→ Action item:
Of all the entries below, only the lines from the one with "Building Photo - Available to Show" up to and including the one with "Julie Lempernesse und" are to be duplicated exactly.

___ Available records ___

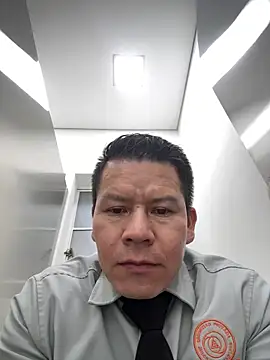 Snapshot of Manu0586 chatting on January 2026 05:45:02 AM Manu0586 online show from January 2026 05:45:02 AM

___
___ Available records ___

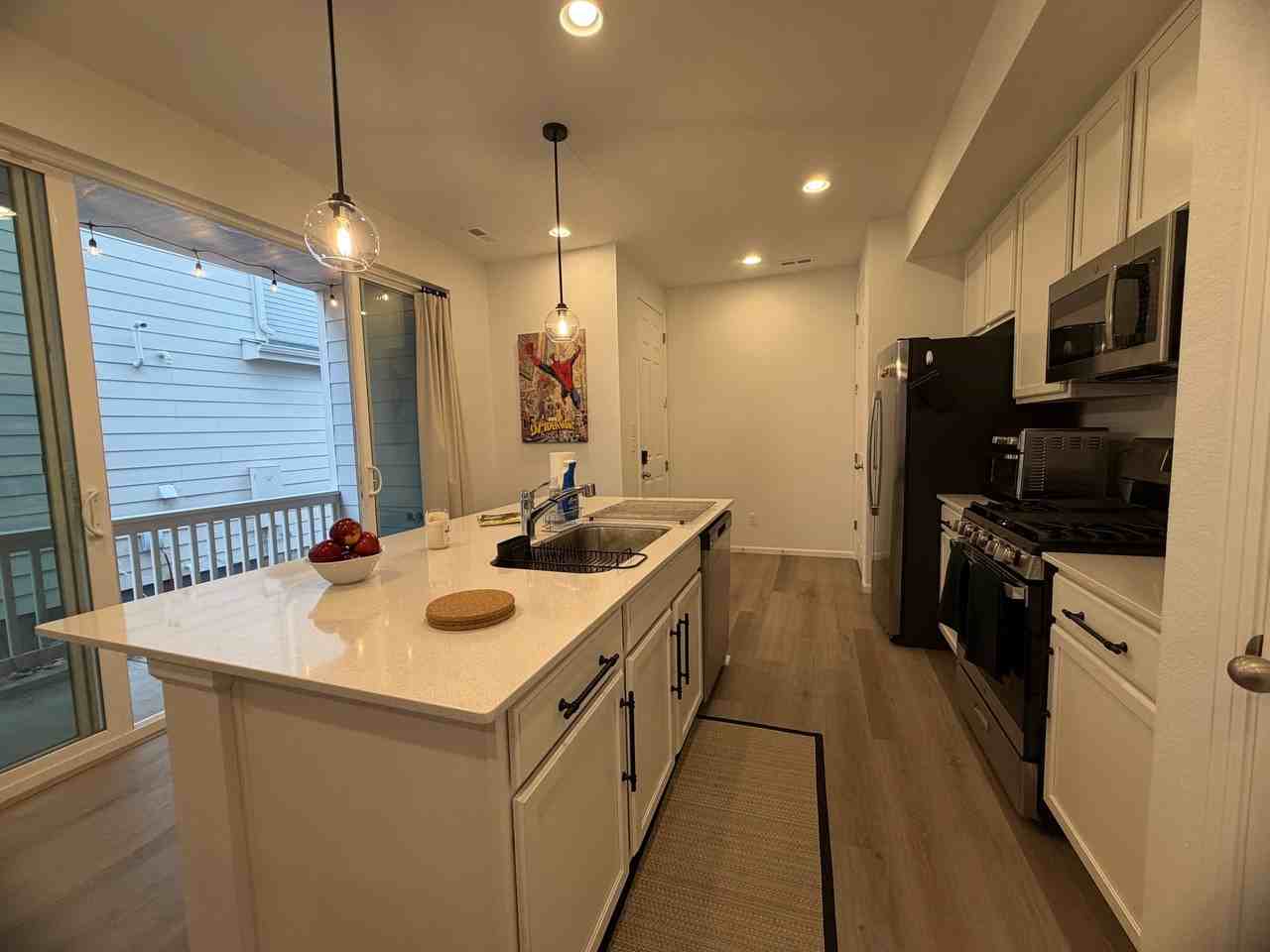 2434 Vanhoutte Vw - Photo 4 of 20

___
___ Available records ___

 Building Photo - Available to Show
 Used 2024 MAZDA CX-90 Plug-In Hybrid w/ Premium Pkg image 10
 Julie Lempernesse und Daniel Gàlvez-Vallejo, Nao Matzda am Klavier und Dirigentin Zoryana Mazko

___

→ Response below:
 Building Photo - Available to Show
 Used 2024 MAZDA CX-90 Plug-In Hybrid w/ Premium Pkg image 10
 Julie Lempernesse und Daniel Gàlvez-Vallejo, Nao Matzda am Klavier und Dirigentin Zoryana Mazko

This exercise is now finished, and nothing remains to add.